Union und SPD haben sich auf einen Kompromiss beim Wehrdienst verständigt. Der katholische Militärbischof hält das Konzept für sinnvoll, nimmt aber auch die Gesellschaft als Ganzes in die Pflicht.
In der Debatte um die Wehrpflicht hält der katholische Militärbischof Franz-Josef Overbeck den Schritt hin zu einer verpflichtenden Musterung für sinnvoll. “Vor dem Hintergrund der verschärften Sicherheitslage und der derzeit zu geringen Personalstärke der Bundeswehr sehe ich die Notwendigkeit, den Aufwuchs der Truppe glaubwürdig zu gewährleisten”, sagte Overbeck am Freitag der Katholischen Nachrichten-Agentur (KNA) in Berlin.
Am Donnerstag hatten nach Wochen des politischen Ringens CDU, CSU und SPD eine Einigung in Sachen Wehrdienst erzielt. Demnach sollen zunächst alle jungen Menschen ab 18 Jahren zu Eignung und Motivation befragt werden; für junge Männer soll die Beantwortung verpflichtend sein. Ab 2027 sollen dann sukzessive junge Männer ab dem Jahrgang 2008 verpflichtend gemustert werden.
Ihm scheine zudem ein guter Weg, sagte der Militärbischof, “dass der Schwerpunkt weiterhin auf der Werbung um Freiwillige liegt und der Dienst so attraktiv wie möglich gestaltet werden soll – etwa mit Blick auf Entlohnung und zusätzliche Qualifizierungsangebote”.
Sollte das freiwillige Dienstmodell nicht ausreichen, soll nach dem Willen von Union und SPD ein neues Gesetzgebungsverfahren angestoßen werden, um die Wehrpflicht wieder einzuführen. Falls über eine sogenannte Bedarfswehrpflicht zu viele Männer potenziell infrage kämen, sieht der Kompromiss der Koalition offenbar auch die Möglichkeit eines Losverfahrens vor. Dann würden die Männer, die verpflichtend eingezogen werden, per Los bestimmt.

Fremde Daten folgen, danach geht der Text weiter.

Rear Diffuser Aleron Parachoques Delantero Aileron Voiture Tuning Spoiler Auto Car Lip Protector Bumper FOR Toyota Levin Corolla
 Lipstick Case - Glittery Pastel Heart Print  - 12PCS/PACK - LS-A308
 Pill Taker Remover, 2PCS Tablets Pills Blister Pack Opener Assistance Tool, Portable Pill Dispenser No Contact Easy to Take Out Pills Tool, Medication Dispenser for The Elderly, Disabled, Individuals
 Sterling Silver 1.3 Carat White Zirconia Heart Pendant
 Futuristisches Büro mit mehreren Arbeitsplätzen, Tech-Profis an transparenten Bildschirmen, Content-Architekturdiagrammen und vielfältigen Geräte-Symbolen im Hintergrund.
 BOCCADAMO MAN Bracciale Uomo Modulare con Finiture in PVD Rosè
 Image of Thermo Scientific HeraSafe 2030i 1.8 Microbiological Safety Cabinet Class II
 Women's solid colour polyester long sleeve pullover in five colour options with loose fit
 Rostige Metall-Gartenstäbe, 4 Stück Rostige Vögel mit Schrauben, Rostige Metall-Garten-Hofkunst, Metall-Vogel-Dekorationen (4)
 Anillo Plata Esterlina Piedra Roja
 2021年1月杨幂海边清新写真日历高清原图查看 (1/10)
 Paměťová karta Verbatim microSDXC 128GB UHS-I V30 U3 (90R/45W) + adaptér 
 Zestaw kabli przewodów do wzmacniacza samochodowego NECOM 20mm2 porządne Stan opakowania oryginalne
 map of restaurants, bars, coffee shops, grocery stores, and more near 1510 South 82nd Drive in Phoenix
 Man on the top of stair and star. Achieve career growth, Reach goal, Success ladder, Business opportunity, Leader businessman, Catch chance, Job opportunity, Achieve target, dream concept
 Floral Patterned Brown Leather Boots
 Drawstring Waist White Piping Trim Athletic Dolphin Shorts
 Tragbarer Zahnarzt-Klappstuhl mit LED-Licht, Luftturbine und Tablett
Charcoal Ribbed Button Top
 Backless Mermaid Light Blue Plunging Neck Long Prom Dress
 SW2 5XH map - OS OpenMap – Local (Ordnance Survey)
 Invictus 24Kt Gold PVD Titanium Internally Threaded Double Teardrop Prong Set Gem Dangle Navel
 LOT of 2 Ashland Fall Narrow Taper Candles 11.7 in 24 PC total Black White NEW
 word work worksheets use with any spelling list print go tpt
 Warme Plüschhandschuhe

Zugleich sieht der Kompromiss eine Stärkung der Freiwilligendienste um 15.000 weitere Stellen vor.
Eine Pflicht zum Wehrdienst stelle stets einen Eingriff in die Freiheitsrechte dar, räumte der Bischof von Essen ein. “Sie wäre nur dann legitim, wenn trotz aller Bemühungen die freiwillige Rekrutierung nicht ausreicht und der Bundestag in einem demokratischen Verfahren über eine Bedarfswehrpflicht entscheidet.”
Elemente wie ein Losverfahren, die mit erheblichen Gerechtigkeitsproblemen einhergehen, dürften nur als ultima ratio zur Anwendung kommen, fügte Overbeck hinzu. “Selbstverständlich schützt weiterhin Artikel 4 des Grundgesetzes alle Menschen davor, gegen ihr Gewissen zum Dienst an der Waffe gezwungen zu werden.”
Ausdrücklich begrüßte der katholische Militärbischof alle politischen und gesellschaftlichen Maßnahmen, die die zivilen Freiwilligendienste ausbauen und stärken. “Denn eine zentrale Erkenntnis der Zeitenwende ist doch die Folgende: nicht nur die Armee, die ganze Gesellschaft muss resilient sein. Wir brauchen eine starke Zivilgesellschaft, die für unsere Werte und Freiheitsrechte einsteht und sie lebendig hält.”
Weiter sagte der Bischof: “Es geht darum, unsere Demokratie zu verteidigen, um eine freie, menschliche Lebensweise zu erhalten. Es geht um Recht und Gerechtigkeit, Freiheit und Solidarität – und darum, dass Menschen ein gerechtes und gutes Leben in Würde führen können.” Diese Aufgabe stelle sich allen Bürgern, nicht nur der jüngeren Generation. In allen Debatten um Wehrhaftigkeit müsse immer sehr deutlich werden: “Ziel ist es, einen gerechten Frieden zu bewahren und notfalls auch verteidigen zu können, damit wir als freie Gesellschaft weiterleben.”